Sabina tenía razón. Nunca –aunque se quiera- puede volver uno al lugar donde fue feliz. Porque ese lugar o ya no existe o te lo han cambiado...

Eso –entre otras cosas- es lo que viste... ¿Y lo que no?

¿Dónde estaban las casetas de la pobreza, pero pobreza paradisiaca? ¿Los muebles en proceso de jubilación que se usaban, pero que no esclavizaban? ¿Las sillas de noches lamidas con lentitud de bolero? ¿Las charlas en las aceras perdidas? ¿Los nombres que sí conocíais de quienes vivían al lado? ¿Las literas quejumbrosas? ¿Las entradas angostas? ¿Los niños en las calles con canicas o chapas? ¿Los dolores compartidos? ¿El tiempo? ¿El mar contemplado mientras arreciaba el ruego de que un reloj no marcara las horas? ¿Aquel adolescente que rozaba una mano igualmente adolescente?

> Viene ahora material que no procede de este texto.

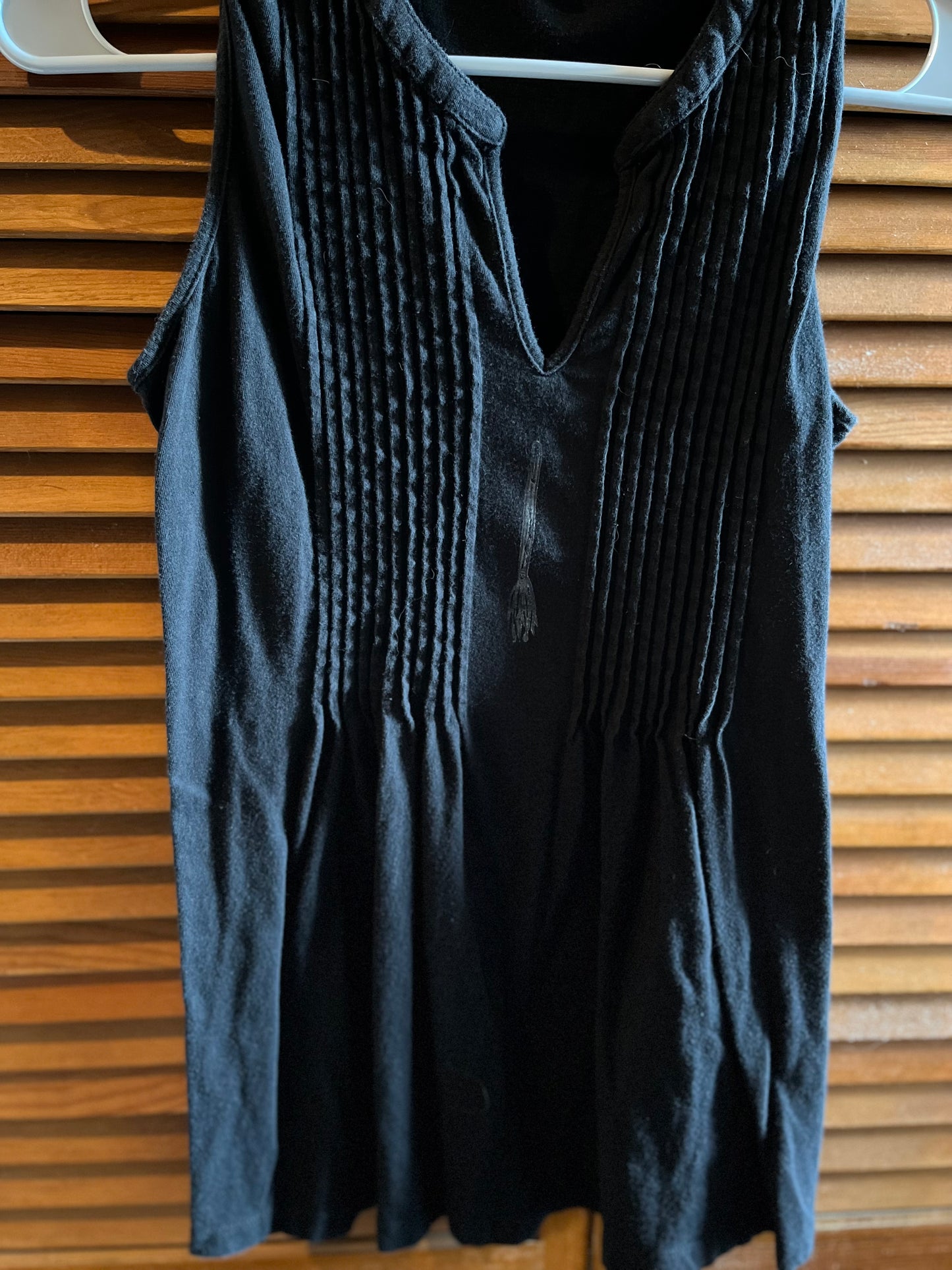 FEMME Size S Elements Sleeveless Top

Cuando regresaste (debí obedecer a Sabina), alguien cortaba el césped, entre enanitos –lo repites- y surrealistas pongos. Y el verano, recién anunciado, se le escapaba de entre los dedos, como se le escapaban las horas... Mirándolo creíste ver un yugo autoimpuesto por un capitalismo que crea necesidades que sólo son nimiedades... Alguien un día os dijo que con un geranio no bastaba en la puerta. Que urgía un vasto jardín. Que esa segunda vivienda de veraneo no podía reducirse a una cochera retocada en plan casero. Que el vecino era, desde el punto de vista social, inferior y, por tanto, intratable. Que, efectivamente, teníais que marcar territorio a golpe, no de orines, pero sí de frialdades, cuando no de hirientes silencios. Que el seiscientos humillaba. Que había que entrar y quedarse en casa. Que los invitados serían ya otros. Que el vino, también (lo decidisteis la misma jornada en que os pareció políticamente correcto proscribir el gin). Que ya no asistiríais a la paella anual de Joan...

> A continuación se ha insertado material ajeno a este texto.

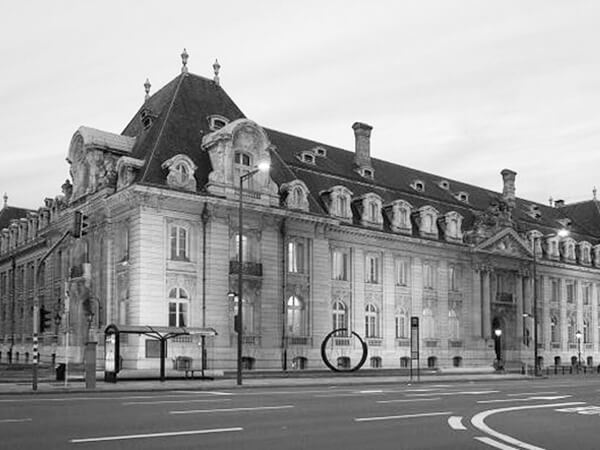 Le siège de l’Arbed, construit sous la direction d’Eustache Giorgetti.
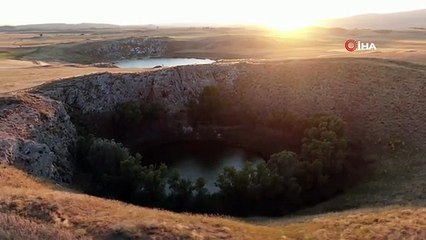 Saklı göllerde gün batımı görenleri mest ediyor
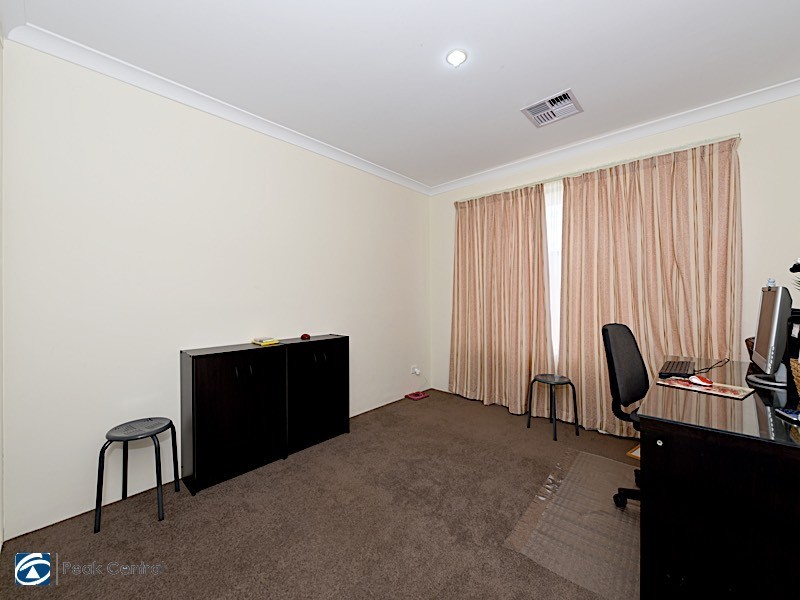 6 Barwon Turn, Hammond Park WA 6164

Y hubo un momento –impreciso por iterado- en el que los niños desaparecieron de las calles... Las canicas mudaron de sexo y de nombre. Primero fueron consolas, luego... Ya no molaban los juegos reunidos Geyper, que era tanto como decir familias unidas en torno a un juego. El adolescente ya no acarició la mano, por lo menos de igual manera. Y las palabras entrecortadas de primerizos amantes asustados fueron breves mensajes donde la ordinariez anidaba...

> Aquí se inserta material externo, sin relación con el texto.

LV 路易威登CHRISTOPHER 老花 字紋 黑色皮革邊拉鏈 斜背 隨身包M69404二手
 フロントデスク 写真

Regresaste al lugar donde fuiste feliz... Pero te lo habían hurtado... El dinero y los imbéciles de turno que un día se creyeron y os hicieron creer la copla maldita. Esa tan cansina de que para ser, había que tener. El día en que los tontos útiles cambiaron un estilo de vida por una esclavitud. Ese, sí, en el que una caseta de vorera, una camiseta, un pantalón corto y cuatro muebles carcomidos, ya no os parecieron suficiente. Ni tan siquiera el Mediterráneo que os besaba sin exigir nada a cambio. Ese día, sí, penoso, ese, en el que mudasteis una guitarra por un arrogante 'status', el tiempo, por césped y a vuestros vecinos por setos de desamor y deslealtad...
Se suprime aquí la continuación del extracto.